Lula e Flávio lideram a preferência, mas metade do eleitorado rejeita ambos e a outra metade segue indecisa. O impasse expõe o risco real: a governabilidade.

Por Marina Cordovil · · 7 min de leitura

Corrida presidencial congelada pela rejeição recorde
Corrida presidencial congelada pela rejeição recorde

A corrida está congelada — e o gelo é a rejeição

A cinco semanas da primeira rodada, o cenário presidencial apresenta uma anomalia que merece mais atenção do que os percentuais: a disputa está paralisada em meio a uma rejeição recorde dos próprios líderes. Segundo o portal Abril.com.br, Lula (PT) e Flávio Bolsonaro (PL) lideram a preferência estimulada — média de 40% e 35%, respectivamente —, mas cada um deles é rejeitado por aproximadamente metade do eleitorado há pelo menos seis meses. Metade do eleitorado, ademais, ainda não cita espontaneamente em quem pretende votar.

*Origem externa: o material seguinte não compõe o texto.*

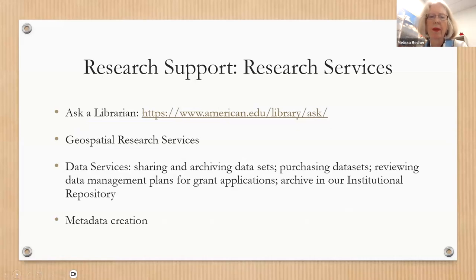We have an Ask a Librarian page for access to your subject librarian and our research chat. We have geospatial research services including a GIS lab and a program coordinator who can consult with faculty about mapping and GIS data. We also have a data librarian who can purchase datasets on behalf of faculty, help share and archive them, and assist with data management plans for grants. We have an institutional repository called Ara for data, projects, and papers, and librarians who can help with metadata creation so your work is easily discovered.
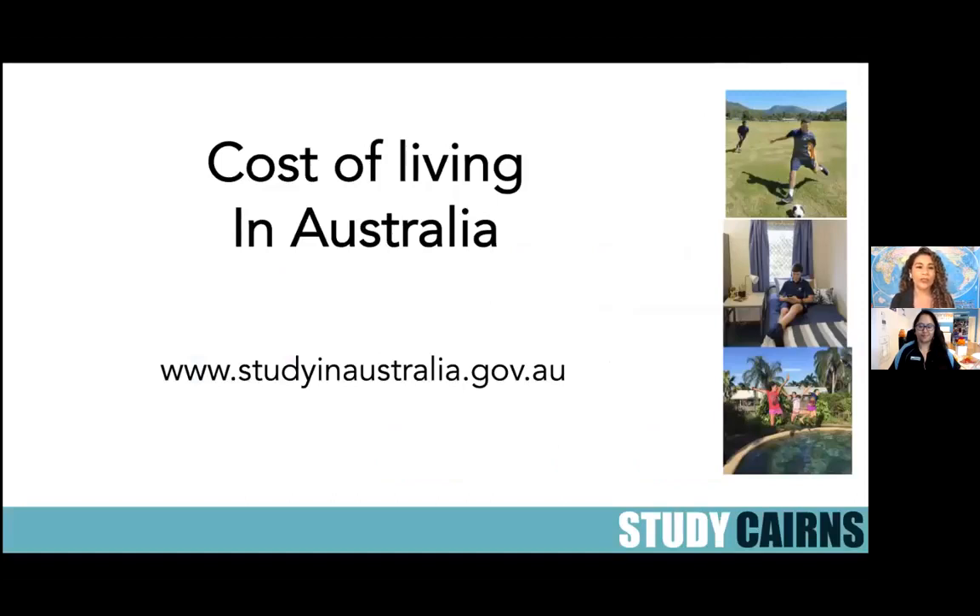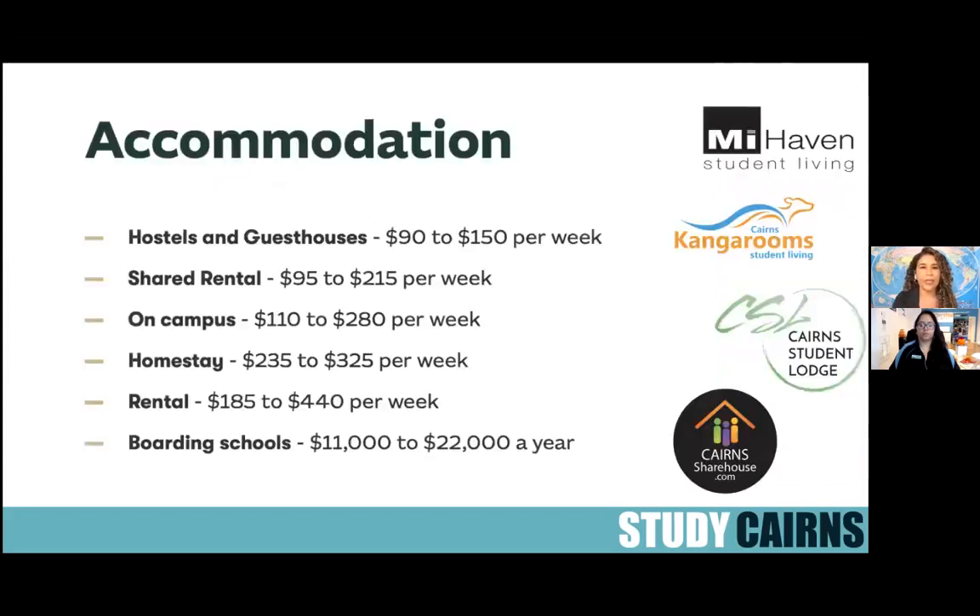Now we're going to look at cost of living in Australia. We'll share some average prices — of course these change depending on whether it's a big city or a small town. This information comes from the Study in Australia website; for more details go to www.studyinaustralia.gov.au. In terms of accommodation, hostels and guest houses start at around $90 per week. In Australia you typically pay rent by fortnight — every two weeks — though this can be negotiated.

Esse quadro não é estabilidade: é um impasse. Para a Bússola Nacional, o dado central não está nos dois pontos percentuais que separam os candidatos, mas no que essa fotografia revela sobre o tipo de decisão que se avizinha e sobre o tipo de governo que sairá das urnas — seja qual for o vencedor.

O que significa uma corrida "congelada" desde março

Em disputas normais, a reta final costuma produzir deslocamentos: indecisos se definem, ataques reprogramam percepções, debates rearranjam hierarquias. Nada disso tem ocorrido em escala relevante. O eleitorado que já escolheu está mobilizado em suas bases; o restante permanece em suspensão, e a menção espontânea zerada em metade dos consultados mostra que o processo de formação de voto está, em larga medida, por acontecer.

Três explicações concorrentes merecem ser consideradas antes de qualquer leitura editorial:

  • A tese da polarização consolidada: os dois campos teriam atingido seus tetos respectivos, e a disputa real seria pelo eleitorado periférico, decidido por evento, debate ou escândalo de última hora.
  • A tese da desafeição sistêmica: o congelamento refletiria menos preferência ideológica do que rejeição ao sistema político como um todo — daí a rejeição simultânea e elevada dos dois líderes.
  • A tese do gatilho pendente: a variável "crise", citada pela fonte, ainda não foi disparada de forma decisiva; quando for, o impulso deve ser forte o suficiente para deslocar a média em pouco tempo.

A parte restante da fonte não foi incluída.